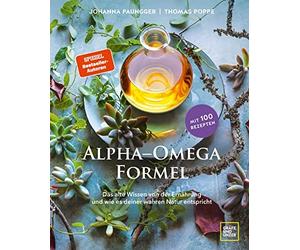 Thomas Poppe Jo Alpha-Omega-Formel: Das alte Wissen von der Ernährung (Hardback)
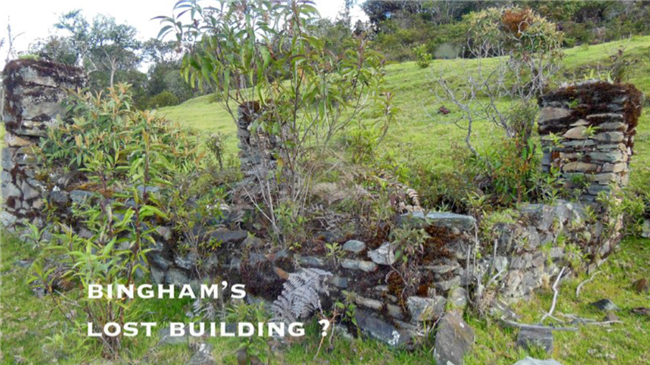 Hiram Bingham's Lost Building? Ⓒ Ziegler 2016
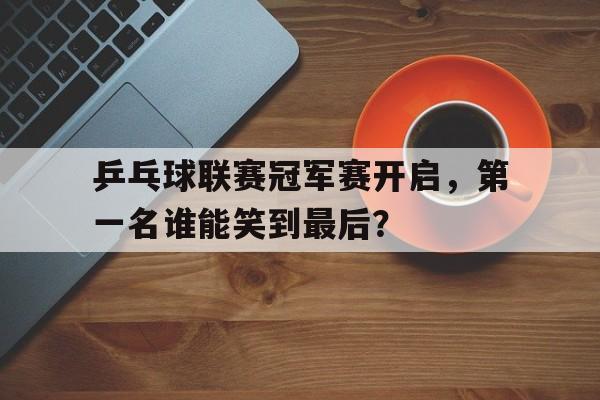 包含乒乓球联赛冠军赛开启,第一名谁能笑到最后?的词条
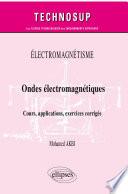 Électromagnétisme - Ondes électromagnétiques - Cours, applications, exercices corrigés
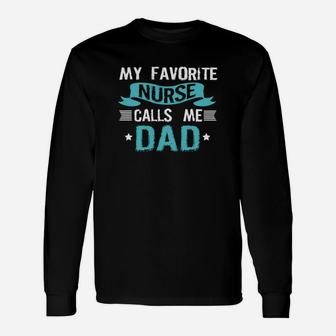 My Favorite Nurse Calls Me Dad Fathers Day Long Sleeve T-Shirt - Seseable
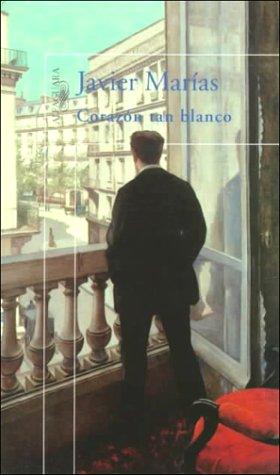 Julián Marías: Corazón tan blanco (Paperback, Spanish language, 1999, Debols!llo)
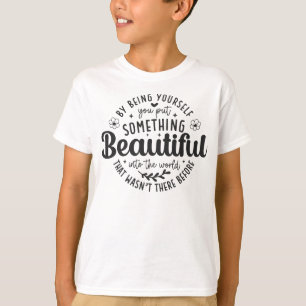 Camiseta Sé Tú Algo Hermoso Cita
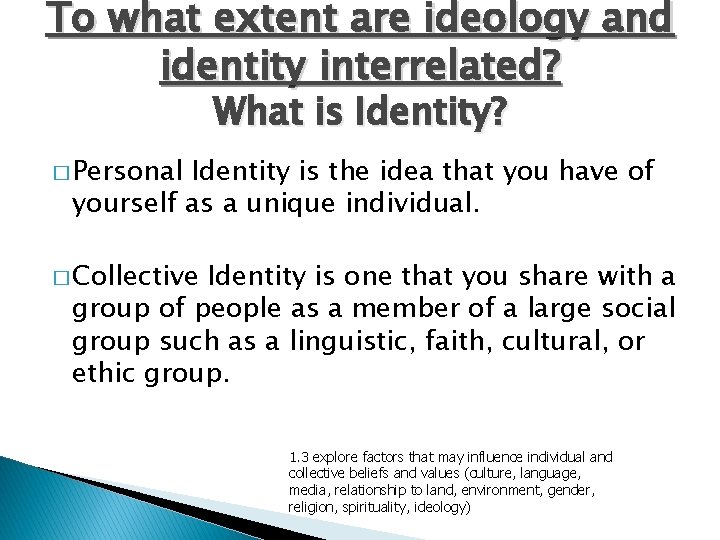 To what extent are ideology and identity interrelated? What is Identity? � Personal Identity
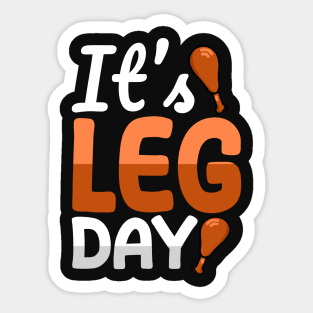 its leg day Sticker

• EXERCISE REQUIREMENTS
In the copy, no picture may appear; the records themselves must be output exactly.

• REPLY TO THE EXERCISE
 Thomas Poppe Jo Alpha-Omega-Formel: Das alte Wissen von der Ernährung (Hardback)
 Hiram Bingham's Lost Building? Ⓒ Ziegler 2016
 包含乒乓球联赛冠军赛开启,第一名谁能笑到最后?的词条
 Électromagnétisme - Ondes électromagnétiques - Cours, applications, exercices corrigés
 My Favorite Nurse Calls Me Dad Fathers Day Long Sleeve T-Shirt - Seseable
 Julián Marías: Corazón tan blanco (Paperback, Spanish language, 1999, Debols!llo)
 Camiseta Sé Tú Algo Hermoso Cita
 To what extent are ideology and identity interrelated? What is Identity? � Personal Identity
 its leg day Sticker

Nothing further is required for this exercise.